5.7Notices.  All notices, requests or other communications provided for in this Agreement shall be made, if to the Company, to Porch Group, Inc., Attn: Stock Plan Administrator, 2200 1st Avenue South, Suite 300, Seattle, Washington 98134; ***@***, and if to the Holder, to the last known mailing address of the Holder contained in the records of the Company. All notices, requests or other communications provided for in this Agreement shall be made in writing either (a) by personal delivery, (b) by facsimile or electronic mail with confirmation of receipt, (c) by mailing in the United States mails or (d) by express courier service. The notice, request or other communication shall be deemed to be received upon personal delivery, upon confirmation of receipt of facsimile or electronic mail transmission or upon receipt by the party entitled thereto if by United States mail or express courier service; provided, however, that if a notice, request or other communication sent to the Company is not received during regular business hours, it shall be deemed to be received on the next succeeding business day of the Company.
5.8Governing Law.  This Agreement, the Award and all determinations made, and actions taken pursuant hereto and thereto, to the extent not governed by the laws of the United States, shall be governed by the laws of the State of Delaware and construed in accordance therewith without giving effect to principles of conflicts of laws.
5.9Agreement Subject to the Plan.  This Award Agreement is subject to the provisions of the Plan and shall be interpreted in accordance therewith. In the event that the provisions of this Award Agreement and the Plan conflict, the Plan shall control.

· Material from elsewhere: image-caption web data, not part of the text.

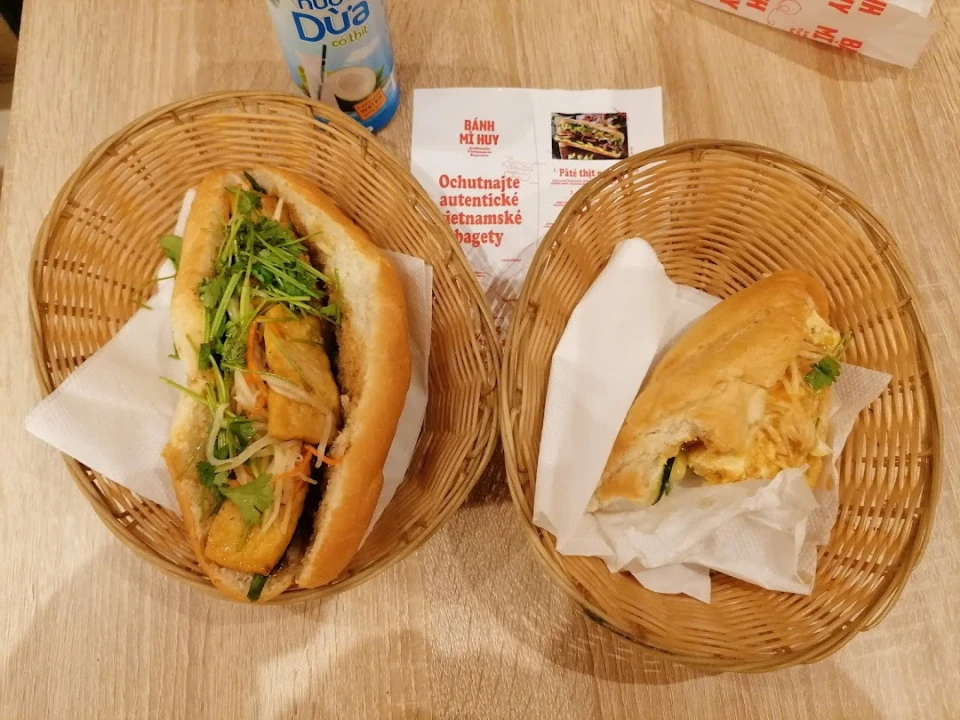 Fotka Bánh mì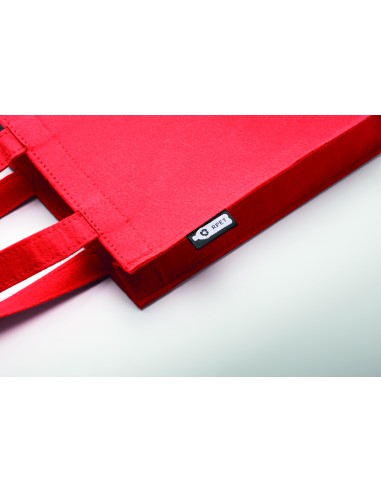 Sacchetto regalo piccolo in feltro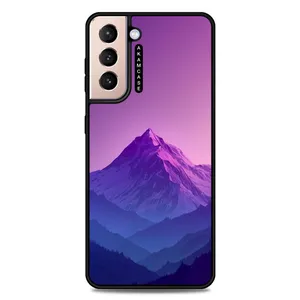 AKAM AMC-WSGS21P-NATURE-10 Cover For Samsung Galaxy S21 Plus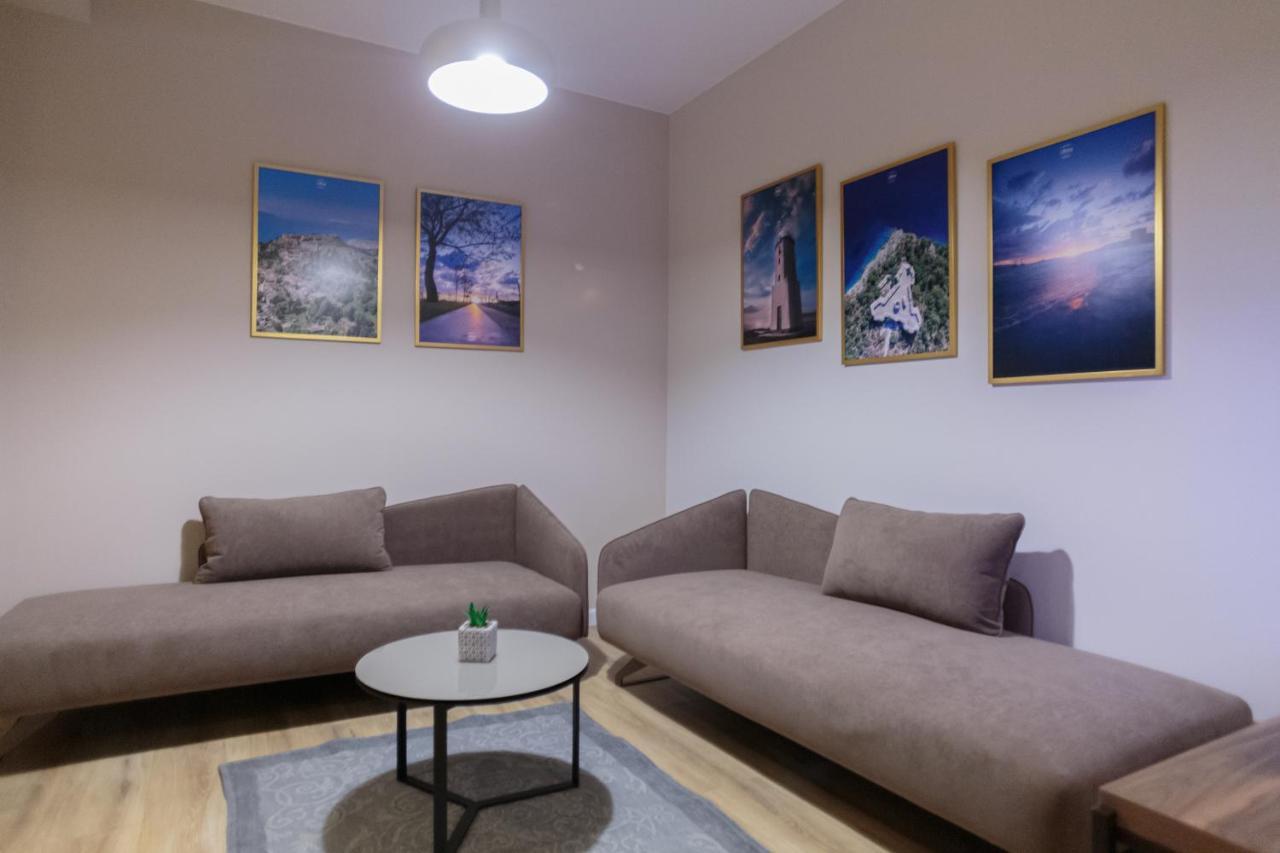 Porta Apartament Vlorë Eksteriør bilde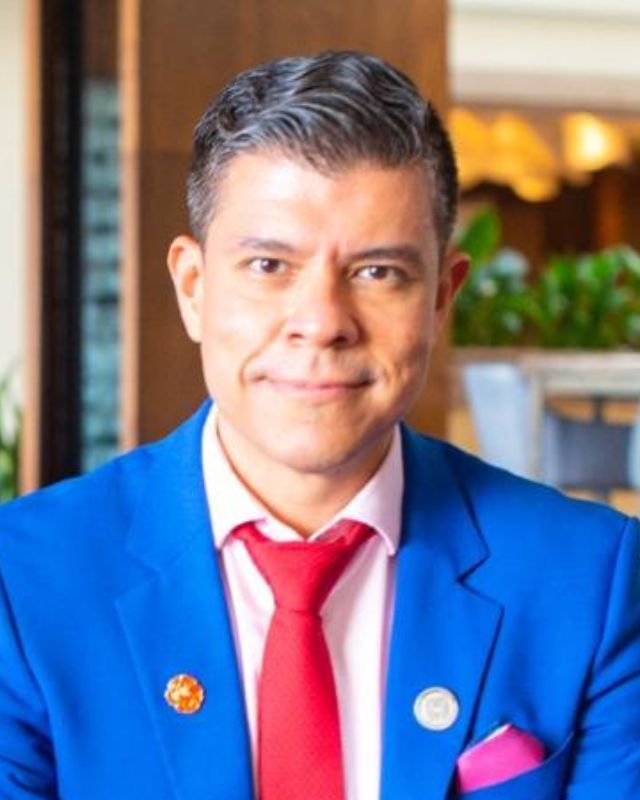 Dr. Gerardo Chávez Saavedra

The Holder hereby acknowledges receipt of a copy of the Plan.
5.10Entire Agreement.  This Agreement and the Plan constitute the entire agreement of the parties with respect to the shares of Stock subject to this Award and supersede in their entirety all prior undertakings and agreements of the Company and the Holder with respect to such shares of Stock and may not be modified adversely to the Holder’s interest except by means of a writing signed by the Company and the Holder.
5.11Partial Invalidity.  The invalidity or unenforceability of any particular provision of this Agreement shall not affect the other provisions hereof and this Agreement shall be construed in all respects as if such invalid or unenforceable provision was omitted.
5.12Amendment and Waiver.  The provisions of this Agreement may be amended or waived only by the written agreement of the Company and the Holder, and no course of conduct or failure or delay in enforcing the provisions of this Agreement shall affect the validity, binding effect or enforceability of this Agreement.

5.13Counterparts.  The Award Notice may be executed in two counterparts, each of which shall be deemed an original and both of which together shall constitute one and the same instrument.